Coming up with new and fresh ideas can be exciting for many directors and often proves to be a powerful incentive for writing a show. Because of declining budgets and reduced staff, writing your own drill is now a common choice for its financial benefits. With this decision also comes the inherent ability to determine your end product. You hold the reigns to the design, direction and just about every other aspect of your production.
What could be the downside? Writing a show is no easy task. The time, energy, and focus needed to transfer an idea from the visionary screen in your mind to the marching field takes knowledge, patience and a significant degree of expertise. Most of us do not have the concentrated time to focus on this with all the other issues of life clamoring for attention. Even someone with the time, creativity and talent must look for inspiration from others or incorporate a new approach from time to time to keep the active juices flowing.
This is when others may be called upon to assist with the creation of a field show. Help may range from one or two assistants at band camp all the way to hiring music arrangers and drill writers to put it together. Incorporating the expertise of others often raises the bar and allows for the production of a better show, while still providing the director with some creative control. This option also paves the way for a unique product and one-of-a-kind presentation.
Though a team of creative and knowledgeable people may take you "over the top" with a wide array of possibilities, you must also realize you may be at the mercy of these individuals. They may not always have the credentials or experience you anticipate. They may not follow through and meet your timeline or quality expectations. They also will be much more expensive than any other option available. In addition, a number of legal and technical requirements, such as copyright permissions, may still be an issue. Though the dangers and price of a "one man show" are significant, delegating the design and production of your show to others may not always bring optimally desired results either.
Is there another option? Purchasing a pre-designed show may be the ultimate choice for those directors feeling constrained by their own limitations of time, money and ability. Even those who might have the resources to incorporate the talents of others often find a pre-designed show to be a terrific launching pad for a unique and exciting show. A pre-designed field show is relatively inexpensive and includes all the necessary ingredients for a cohesive and workable presentation. If a well-researched and solid product is selected, the director can relax in the confidence that he has a quality, proven show to present to his organization and audience.
As a launching pad or template, the possibilities of all that can be added to, subtracted from and enhanced in the purchased product are endless. Think of the music as the foundation of the building and the drill as the framework. Though the show would be structurally sound and may be performed successfully "as is," the addition of other elements such as color and decorative treatments are what make the structure unique. The range of possibilities is limited only by the time, money and talent available.

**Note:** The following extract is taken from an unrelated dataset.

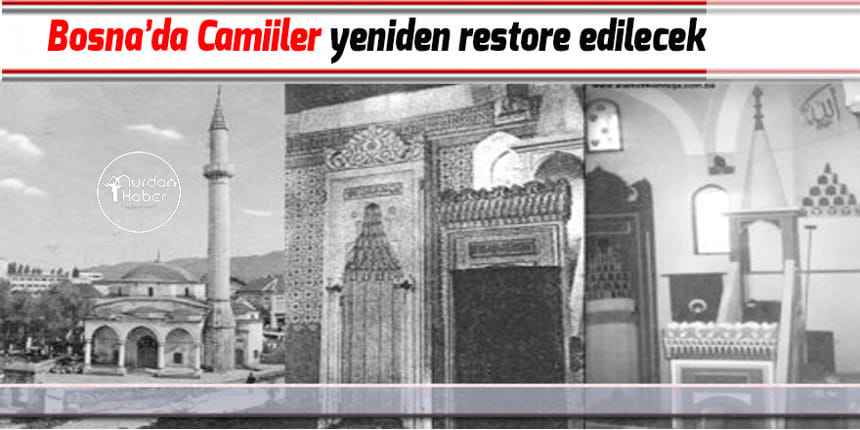 Osmanlı camileri Türkiye’nin desteğiyle onarılacak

Still, the pre-designed product may restrict the appearance, flow and content of a show. Musical arrangements do not always take into consideration a special instrumentation or star musician. The drill may need to be adapted to your exact requirements. This lack of control over content and design may be overshadowed by the financial and time-saving benefits inherent in a pre-designed show. No longer do you get to band camp worn out from all-night sessions of writing drills. No longer do you have to wonder how many collisions will occur on the field between the trombonists and flutists or when the next section of drill will arrive from the designer. In this case, peace of mind is wonderful and valuable.

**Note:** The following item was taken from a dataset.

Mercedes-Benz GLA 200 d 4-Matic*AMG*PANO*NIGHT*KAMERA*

A director's priority is teaching and imparting the knowledge, art and passion of music. Time and energy spent on the "other stuff" must enhance and contribute to this learning process or be eliminated as a distraction and detriment to the ultimate goal. Field show preparation is no exception. Choose the option that best serves your priorities, personnel and resources. Finding a workable balance will keep you from going around the mountain again or reinventing the wheel.